Submodules and Subtrees:
- For including other Git repositories as part of your project.

6. Tips & Tricks

Descriptive Commit Messages: Use clear and concise commit messages that explain the purpose of the changes. Follow the “Imperative Mood” convention (e.g., “Fix bug” instead of “Fixed bug”).
Frequent Commits: Commit small, logical changes frequently.
Use Branches: Create branches for new features, bug fixes, and experiments.
Code Reviews: Use pull requests and code reviews to ensure code quality and collaboration.
Automated Testing: Integrate Git with CI/CD pipelines to automatically run tests and deploy code.
Visual Git Clients: Consider using a GUI Git client like GitKraken, SourceTree, or GitHub Desktop for a more visual representation of the repository history.

Aliases: Define Git aliases for frequently used commands:

git config --global alias.st status
git config --global alias.co checkout
git config --global alias.br branch
git config --global alias.ci commit
git config --global alias.lg "log --graph --pretty=format:'%Cred%h%Creset -%C(yellow)%d%Creset %s %Cgreen(%cr) %C(bold blue)<%an>%Creset' --abbrev-commit --date=relative"

Now you can use git st, git co, git br, git ci, and git lg as shortcuts.

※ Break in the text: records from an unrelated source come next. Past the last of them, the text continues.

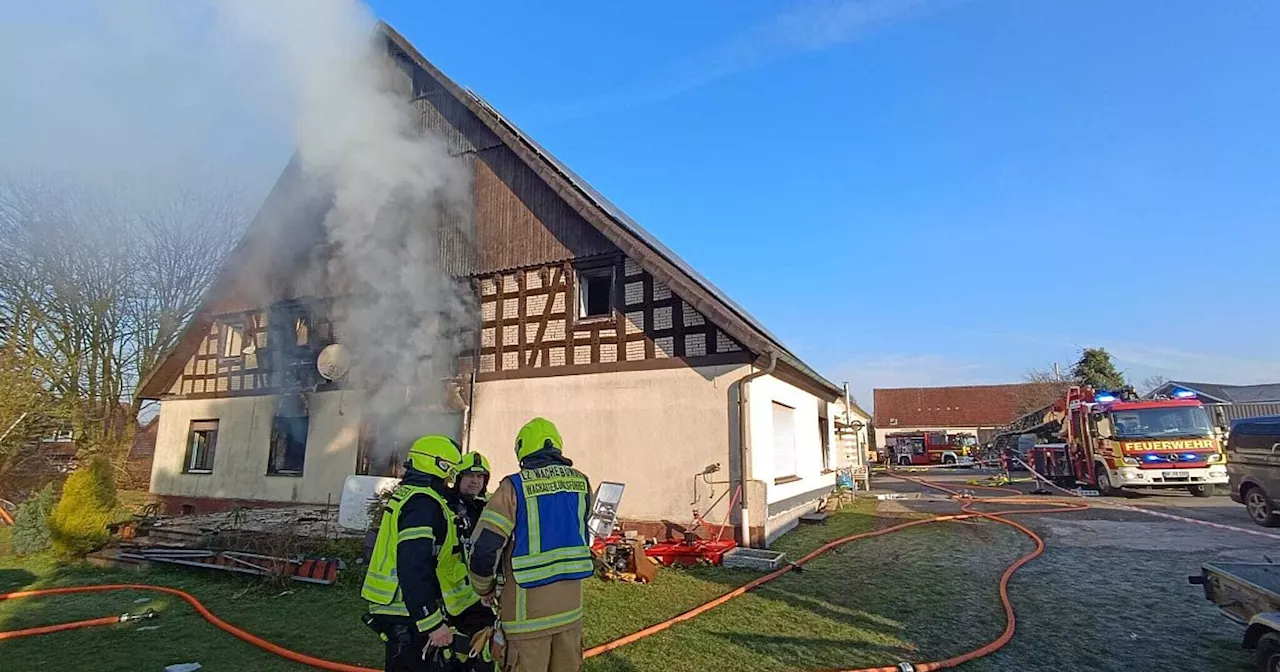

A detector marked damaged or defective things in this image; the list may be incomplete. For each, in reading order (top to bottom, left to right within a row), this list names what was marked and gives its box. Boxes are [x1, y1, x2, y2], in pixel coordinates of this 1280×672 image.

broken window [580, 266, 620, 318]
broken window [185, 420, 218, 472]
broken window [268, 414, 308, 472]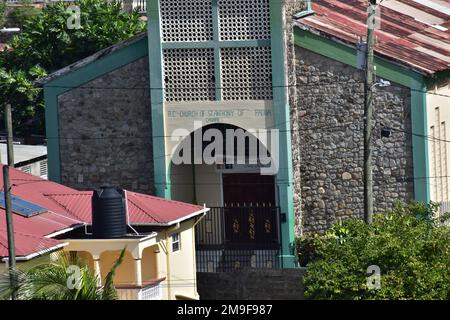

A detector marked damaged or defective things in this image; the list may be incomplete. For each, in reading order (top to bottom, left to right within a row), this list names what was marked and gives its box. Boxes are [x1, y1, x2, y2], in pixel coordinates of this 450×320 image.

rusty metal roof [296, 0, 450, 75]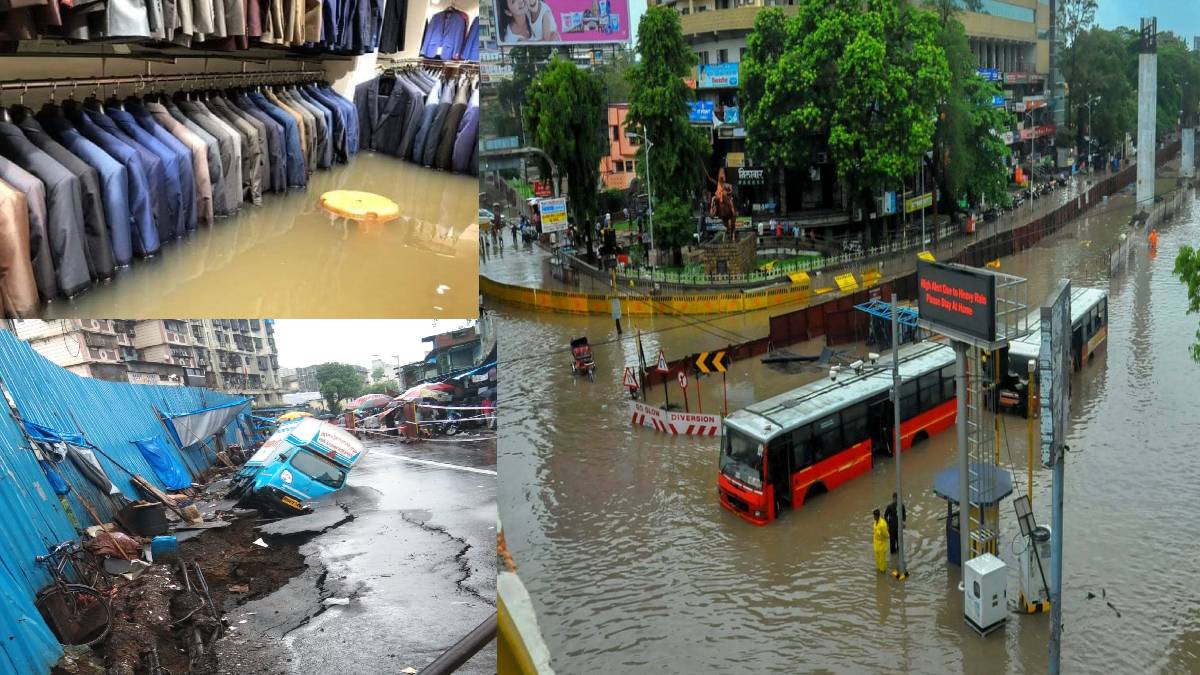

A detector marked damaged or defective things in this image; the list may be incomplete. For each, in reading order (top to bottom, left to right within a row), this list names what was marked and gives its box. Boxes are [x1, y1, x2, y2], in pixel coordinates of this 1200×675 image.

cracked asphalt road [212, 432, 496, 667]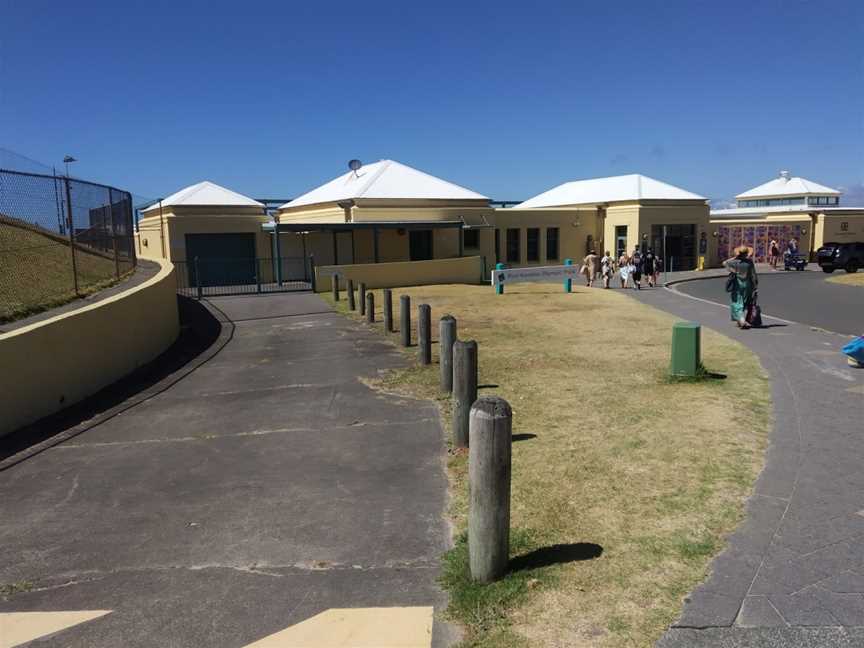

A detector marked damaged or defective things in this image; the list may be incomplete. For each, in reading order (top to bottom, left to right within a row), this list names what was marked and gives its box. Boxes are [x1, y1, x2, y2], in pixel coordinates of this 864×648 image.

cracked concrete path [0, 294, 456, 648]
cracked concrete path [624, 280, 864, 648]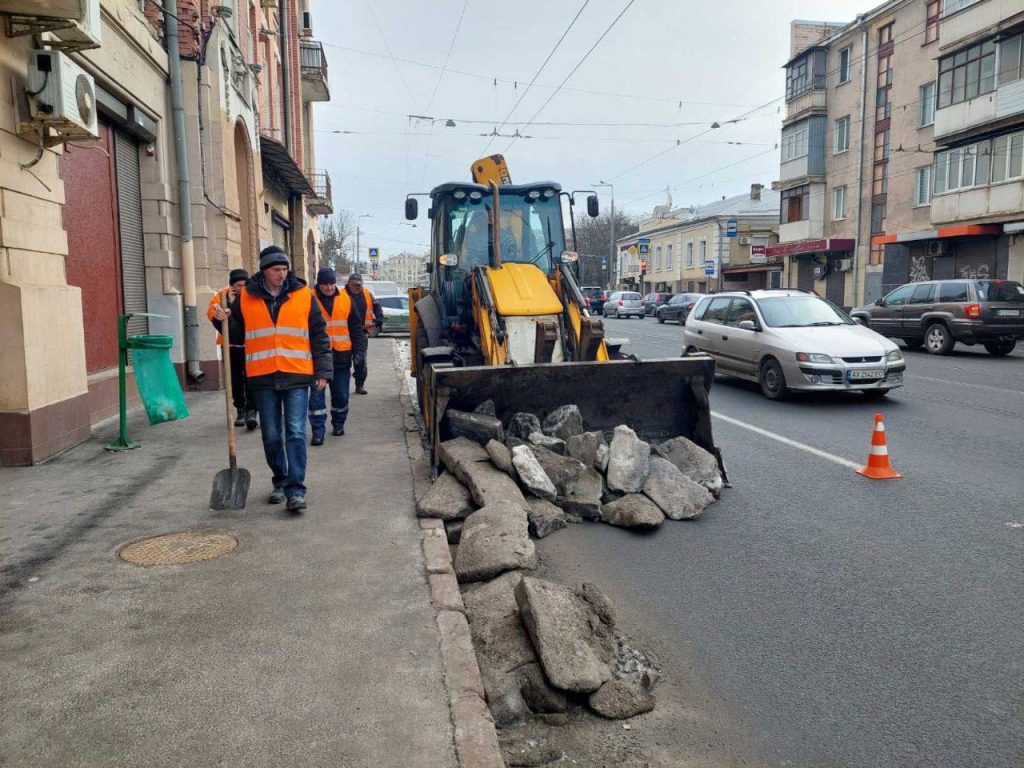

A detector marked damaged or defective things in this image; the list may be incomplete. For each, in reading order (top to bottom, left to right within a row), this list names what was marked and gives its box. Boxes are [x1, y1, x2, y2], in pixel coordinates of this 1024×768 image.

broken concrete slab [415, 468, 475, 524]
broken concrete slab [446, 411, 505, 448]
broken concrete slab [440, 436, 528, 507]
broken concrete slab [454, 499, 536, 581]
broken concrete slab [485, 438, 516, 475]
broken concrete slab [509, 415, 544, 438]
broken concrete slab [509, 444, 557, 505]
broken concrete slab [528, 434, 569, 456]
broken concrete slab [528, 495, 569, 536]
broken concrete slab [544, 405, 585, 442]
broken concrete slab [565, 434, 602, 468]
broken concrete slab [602, 428, 651, 493]
broken concrete slab [598, 495, 663, 532]
broken concrete slab [638, 456, 712, 524]
broken concrete slab [659, 438, 724, 499]
broken concrete slab [512, 577, 614, 696]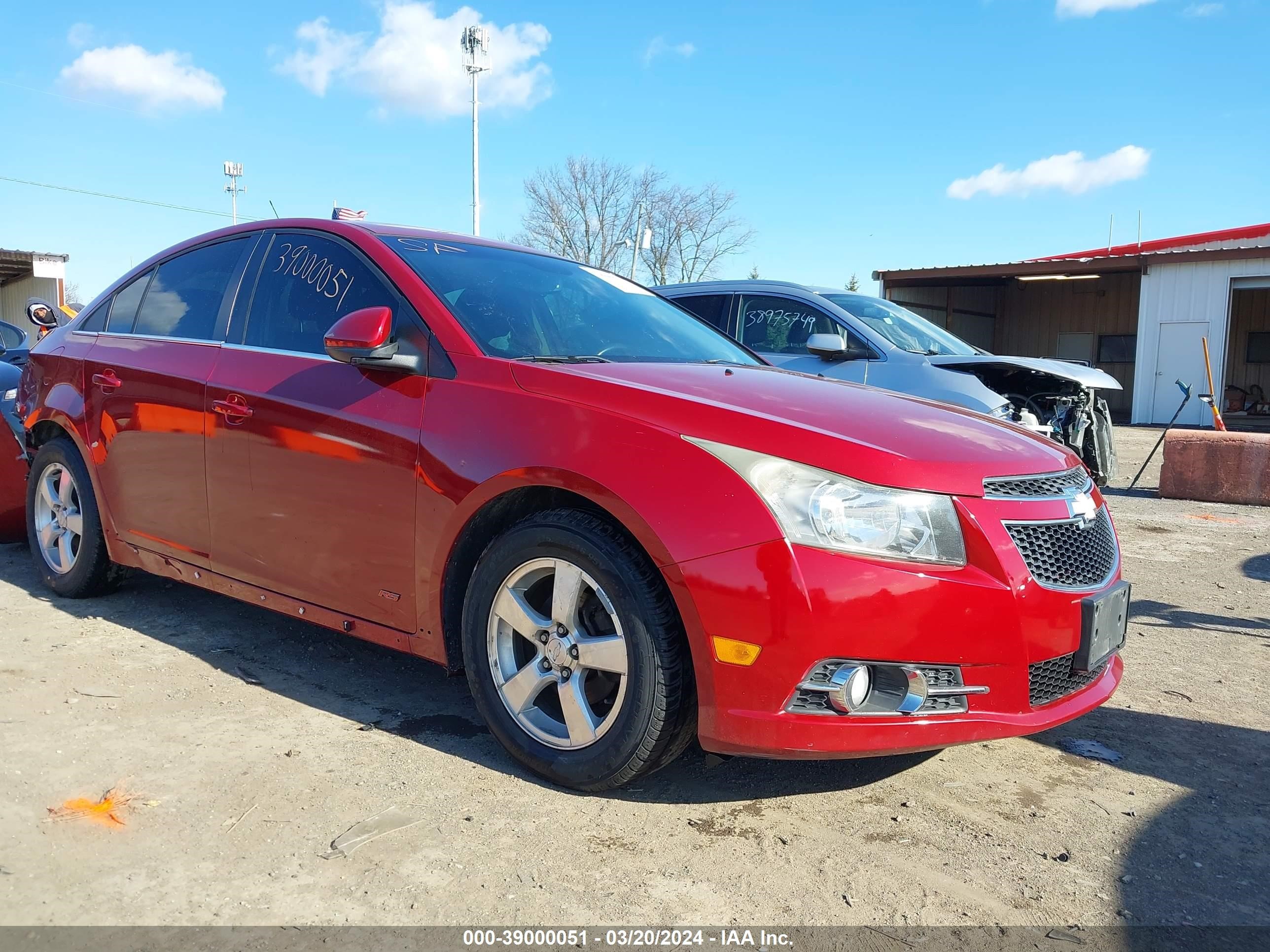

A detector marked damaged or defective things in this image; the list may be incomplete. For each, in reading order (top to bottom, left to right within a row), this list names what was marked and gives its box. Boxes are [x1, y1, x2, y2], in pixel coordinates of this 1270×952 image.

damaged vehicle [659, 280, 1120, 481]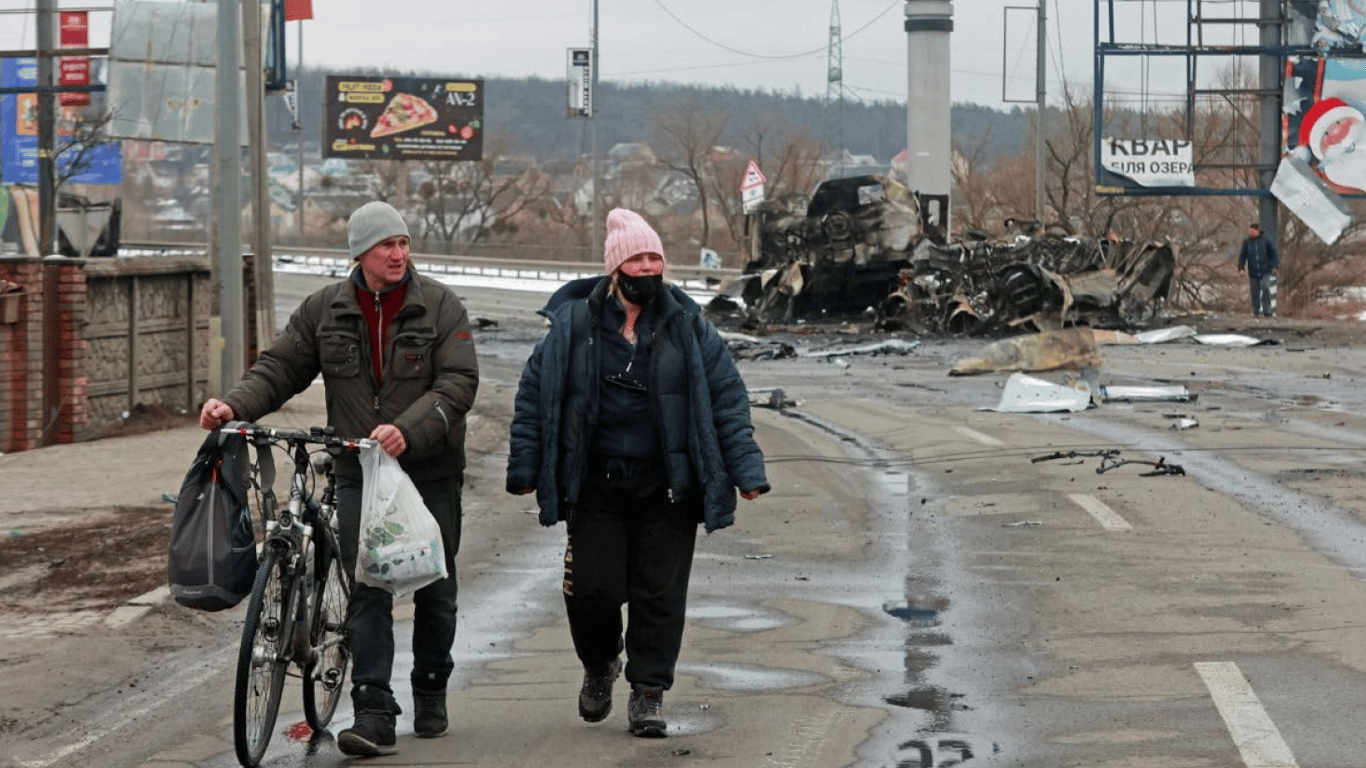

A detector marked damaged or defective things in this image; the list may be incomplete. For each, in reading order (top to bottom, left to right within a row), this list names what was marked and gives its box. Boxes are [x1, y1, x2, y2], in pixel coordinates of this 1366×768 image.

destroyed vehicle [716, 176, 928, 322]
burned wreckage [716, 176, 1176, 334]
burned military vehicle [716, 175, 1176, 336]
destroyed vehicle [880, 234, 1184, 336]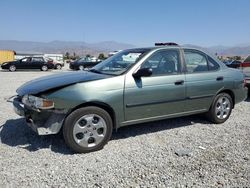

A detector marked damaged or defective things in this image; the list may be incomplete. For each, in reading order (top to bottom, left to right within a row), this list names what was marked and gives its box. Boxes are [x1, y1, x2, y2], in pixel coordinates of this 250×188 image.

damaged front bumper [11, 96, 67, 136]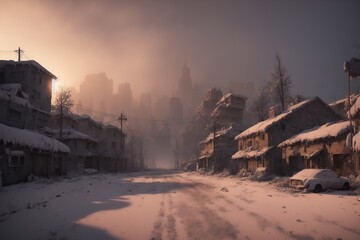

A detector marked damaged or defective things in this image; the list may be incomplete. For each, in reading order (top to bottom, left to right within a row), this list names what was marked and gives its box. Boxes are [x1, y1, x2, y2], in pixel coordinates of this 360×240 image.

damaged facade [232, 98, 342, 176]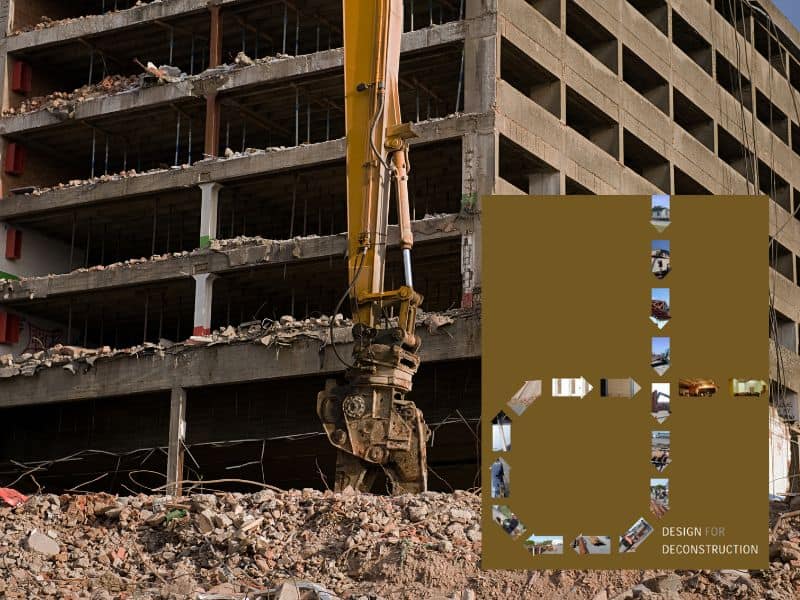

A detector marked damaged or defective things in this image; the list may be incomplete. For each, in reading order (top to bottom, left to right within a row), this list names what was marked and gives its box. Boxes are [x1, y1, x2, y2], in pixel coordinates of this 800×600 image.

broken concrete debris [0, 310, 462, 380]
broken concrete debris [0, 490, 796, 596]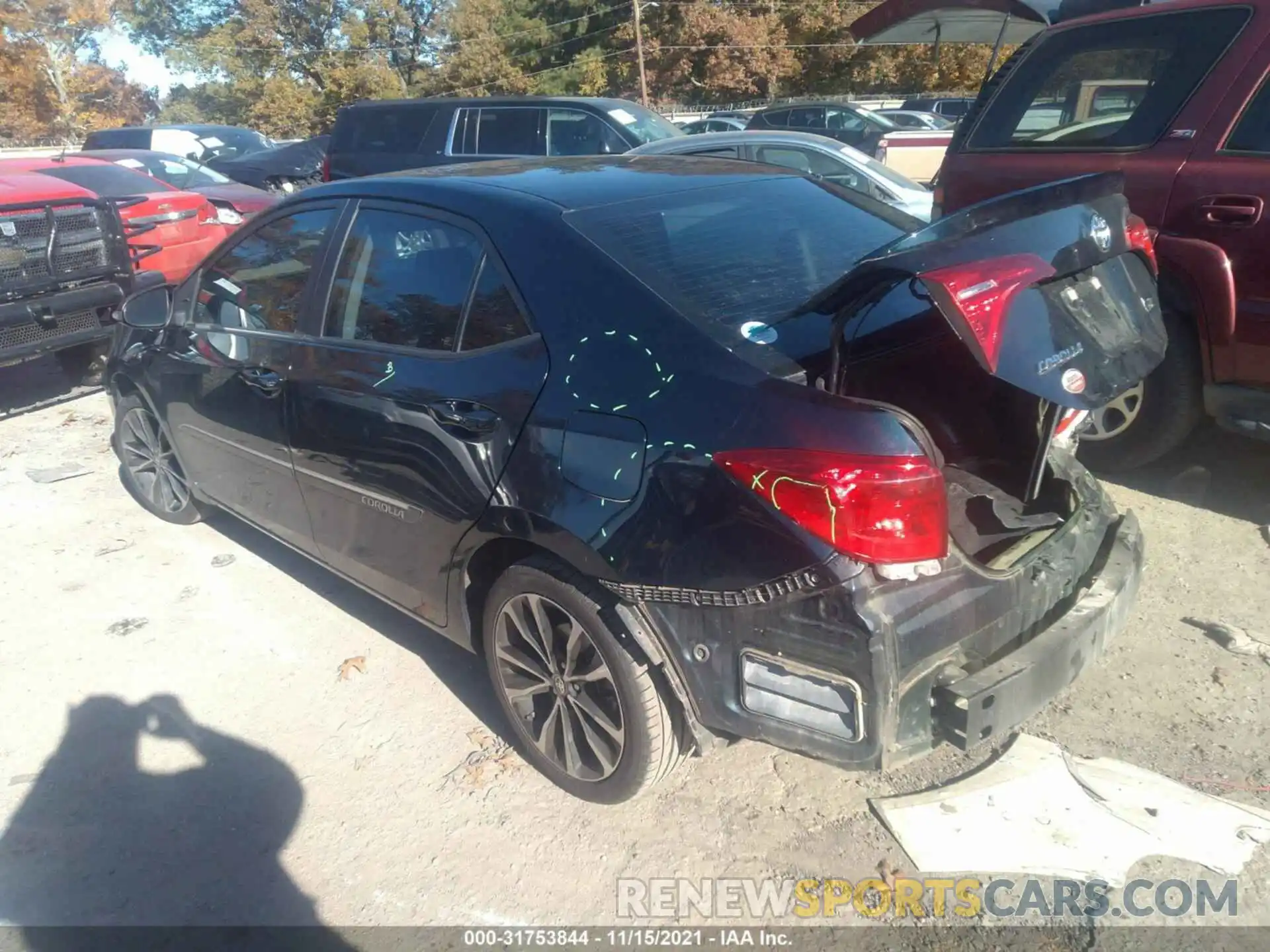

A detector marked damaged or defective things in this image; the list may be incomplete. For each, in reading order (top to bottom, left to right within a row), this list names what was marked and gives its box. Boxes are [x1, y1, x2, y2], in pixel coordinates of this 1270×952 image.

cracked tail light [1127, 214, 1154, 274]
cracked tail light [915, 255, 1058, 373]
cracked tail light [714, 447, 942, 561]
damaged rear bumper [635, 502, 1143, 772]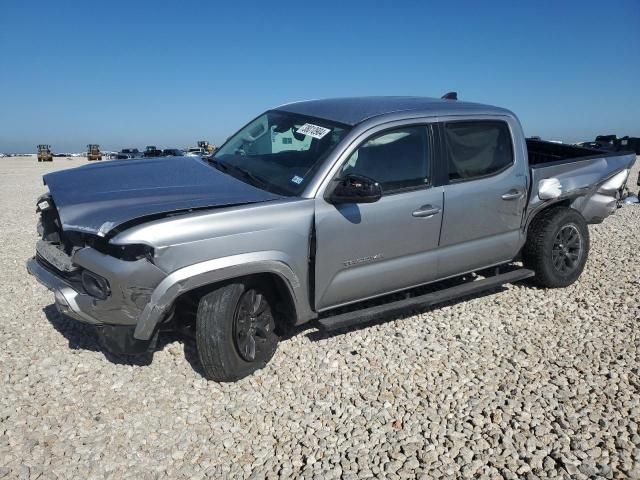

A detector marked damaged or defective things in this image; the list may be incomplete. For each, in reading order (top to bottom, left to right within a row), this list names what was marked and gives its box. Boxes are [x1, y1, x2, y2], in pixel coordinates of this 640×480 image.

damaged front end [27, 195, 168, 356]
crumpled hood [41, 156, 278, 236]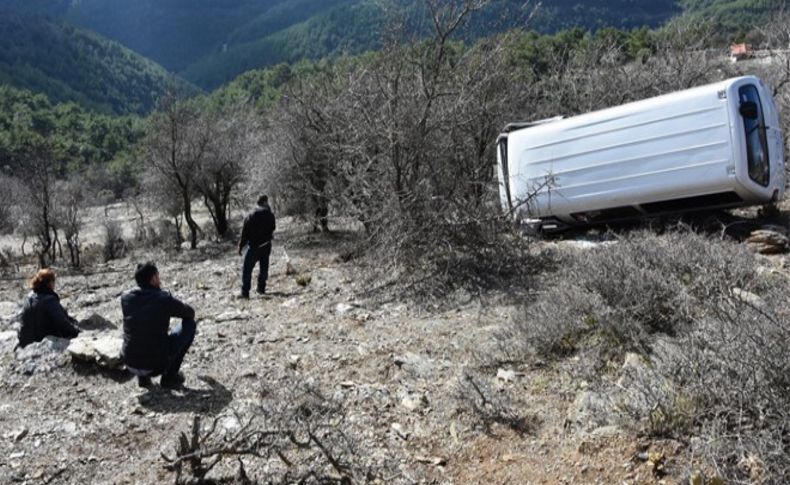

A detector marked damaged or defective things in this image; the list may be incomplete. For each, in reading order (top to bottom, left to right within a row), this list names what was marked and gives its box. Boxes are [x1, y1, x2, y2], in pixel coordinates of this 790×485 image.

overturned van [498, 74, 788, 230]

Resolve Merge Conflicts Carefully: When merging branches, conflicts may arise. Carefully review and resolve these conflicts to ensure that the code is correct. Use a merge tool like meld or the built-in merge tools in your IDE.
Don’t Commit Large Data Directly: Use Git LFS or DVC for data versioning. Never commit sensitive data (API keys, passwords) to the repository.
Use a .gitattributes file: This file allows you to define attributes for specific file types or paths within your repository. It’s often used in conjunction with Git LFS or to handle line endings consistently across different operating systems.

7. Integration

Pandas: No direct integration, but Pandas DataFrames can be saved to CSV files, which can be tracked with Git (or better, DVC for large CSVs).
NumPy: NumPy arrays can be saved to files (e.g., .npy format), which can be tracked with Git LFS or DVC.
Scikit-learn: Scikit-learn models can be saved using joblib or pickle and tracked with Git LFS or DVC.
TensorFlow/PyTorch: TensorFlow and PyTorch models are typically saved as HDF5 files (.h5) or serialized Python objects, which should be tracked with Git LFS or DVC.
MLflow: MLflow automatically tracks experiments, parameters, metrics, and models, and can integrate with Git to track the code associated with each run.
CI/CD (Continuous Integration/Continuous Delivery): Git is a core component of CI/CD pipelines. Tools like Jenkins, CircleCI, GitHub Actions, and GitLab CI can automatically build, test, and deploy code whenever changes are pushed to a Git repository.

8. Further Resources

Official Git Documentation: https://git-scm.com/doc
Git Tutorial: https://www.atlassian.com/git/tutorials
Git LFS Documentation: https://git-lfs.github.com/
DVC Documentation: https://dvc.org/
Pro Git Book (Free Online): https://git-scm.com/book
GitHub Learning Lab: https://lab.github.com/ This cheatsheet should provide a solid foundation for using Git effectively in your machine learning projects. Remember to practice and experiment with these commands to become comfortable with Git’s features. Good luck!